Saturday, December 18, 2010

RPATH, RUNPATH and LD_LIBRARY_PATH

Long time since my last post - my bad.

Recently I have been working on a renewed FWTools for linux - hopefully I'll follow up on that later. Much like in the past FWTools is intended to work across a variety of linux systems (ie. Ubuntu, Redhat, Suse, Gentoo) and to not interfere with the native packing system nor to require special permissions to install.

To that end we try to distribute as many of the required shared libraries as possible, and we use the LD_LIBRARY_PATH environment variable to ensure FWTools finds and uses these shared libraries in preference to any system provided versions which might be incompatible (though often aren't).

In my local testing I was getting frustrated as my shared libraries were not being used. Instead the system versions of things like libsqlite3.so.4 were getting picked up from /usr/lib64 despite my LD_LIBRARY_PATH pointing to a copy distributed with FWTools. I check this with the ldd command which shows what sublibraries an executable or shared library need and which is being picked according to the current policy.

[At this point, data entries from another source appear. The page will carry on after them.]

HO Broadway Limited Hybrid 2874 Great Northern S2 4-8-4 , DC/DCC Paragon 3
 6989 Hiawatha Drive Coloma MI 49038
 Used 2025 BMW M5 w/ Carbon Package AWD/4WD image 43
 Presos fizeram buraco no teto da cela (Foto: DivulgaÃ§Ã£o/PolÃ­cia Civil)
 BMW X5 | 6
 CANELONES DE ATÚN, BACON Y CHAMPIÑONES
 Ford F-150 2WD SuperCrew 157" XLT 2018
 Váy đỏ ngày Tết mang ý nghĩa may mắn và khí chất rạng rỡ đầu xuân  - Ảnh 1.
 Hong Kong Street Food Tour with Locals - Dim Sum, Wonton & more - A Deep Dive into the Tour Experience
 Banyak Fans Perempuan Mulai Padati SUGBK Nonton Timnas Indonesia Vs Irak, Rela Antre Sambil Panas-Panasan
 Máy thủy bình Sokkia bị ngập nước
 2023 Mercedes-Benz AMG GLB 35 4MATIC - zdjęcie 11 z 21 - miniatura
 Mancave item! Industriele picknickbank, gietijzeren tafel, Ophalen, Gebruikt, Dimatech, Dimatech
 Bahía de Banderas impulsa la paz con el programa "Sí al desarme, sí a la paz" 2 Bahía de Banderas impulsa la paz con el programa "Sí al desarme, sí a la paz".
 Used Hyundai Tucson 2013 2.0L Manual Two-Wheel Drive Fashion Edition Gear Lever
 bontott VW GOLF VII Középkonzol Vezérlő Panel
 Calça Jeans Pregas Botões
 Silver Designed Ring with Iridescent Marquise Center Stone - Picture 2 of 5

I carefully read the man page for ld.so, which is responsible for loading shared libraries at runtime, and it indicated:

The necessary shared libraries needed by the program are searched for
in the following order

o Using the environment variable LD_LIBRARY_PATH
(LD_AOUT_LIBRARY_PATH for a.out programs). Except if the exe‐
cutable is a setuid/setgid binary, in which case it is ignored.
...

Well, my programs are not setuid/setgid nor are they a.out (very old style of linux binary), so what gives? Due to poor time synchronization on my systems and use of nfs, I noticed that some shared library dates were in the future. I thought perhaps some funky security policy prevented them from being used, but that theory did not pan out. I tried doing it on a local file system incase there were some rule about not trusting shared libraries from remote file systems in some cases. Still no go.

However, googling around the net I found that my local ld.so man page was not very comprehensive. Another ld.so man page gave me a hint, referring to DT_RPATH and DT_RUNPATH attributes being used before LD_LIBRARY_PATH. I was vaguely aware of shared libraries having an "rpath" attribute which could be set at link time and might have some sort of influence on searching. Distribution packaging folks have sometimes bugged me about it, especially back in the old days before libtool was used for GDAL. But I had never really understood it well and it just seemed like unnecessary stuff.

Further digging confirmed that ELF (the modern linux object file format) executables and shared libraries may have an RPATH attribute built right into the file. This is essentially a directory that should be searched first for shared libraries that this executable or shared library depends on. RUNPATH is similar, but is apparently evaluated after LD_LIBRARY_PATH. I got my critical information from this blog post by Trevor King.

My old favorite, the ldd command, does not show the rpath settings though it does honour them. I also use nm to dump the symbols in object files and shared libraries, but it doesn't address special attributes like rpath. Digging around I found the readelf command which can report all sorts of information about a shared library or executable, including the RPATH, and RUNPATH. It also helpfully lists the shared libraries that are needed, something that often gets obscured in ldd by the chaining of dependencies.

The rpath attribute is generally set by libtool when linking shared libraries. GDAL includes a build option to build without libtool, and I contemplated using that which would help alot. But it wouldn't help for other libraries in FWTools that were not directly pulled in by GDAL. My goal with the modern FWTools is to - as much as possible - use standard CentOS/RedHat rpm binaries as the basis for the product. So I don't want to have to rebuild everything from scratch. What I really wanted was a way to suppress use of the rpath, switch it to runpath or remove it entirely. Low and behold, I am not the first with this requirement. There is a command called chrpath that can do any of these "in place" to a binary (see chrpath(1) man page).

chrpath -d usr/lib64/libgdal.so

This command isn't installed by default on my system, but it was packaged and it works very nicely. I'll preprocess the shared libraries and binaries to strip out rpath so my LD_LIBRARY_PATH magic works smoothly. I had even considered using it to replace the rpath at install time with the path inside the FWTools distribution for libraries. This, unfortunately, does not appear to be possible as it seems chrpath can only replace rpath's with rpaths of the same or a shorter length. In any event, FWTools still depends on cover scripts to set other environment variables so doing this wouldn't have made it practical to avoid my environment setup magic.

I owe a lot to some other blog and mailing list posts turned up by google. This blog entry is partly an attempt to seed the net with helpful answers for others that run into similar problems. I will say it is very annoying that a company decided to name itself "rPath" - it made searching quite a bit harder!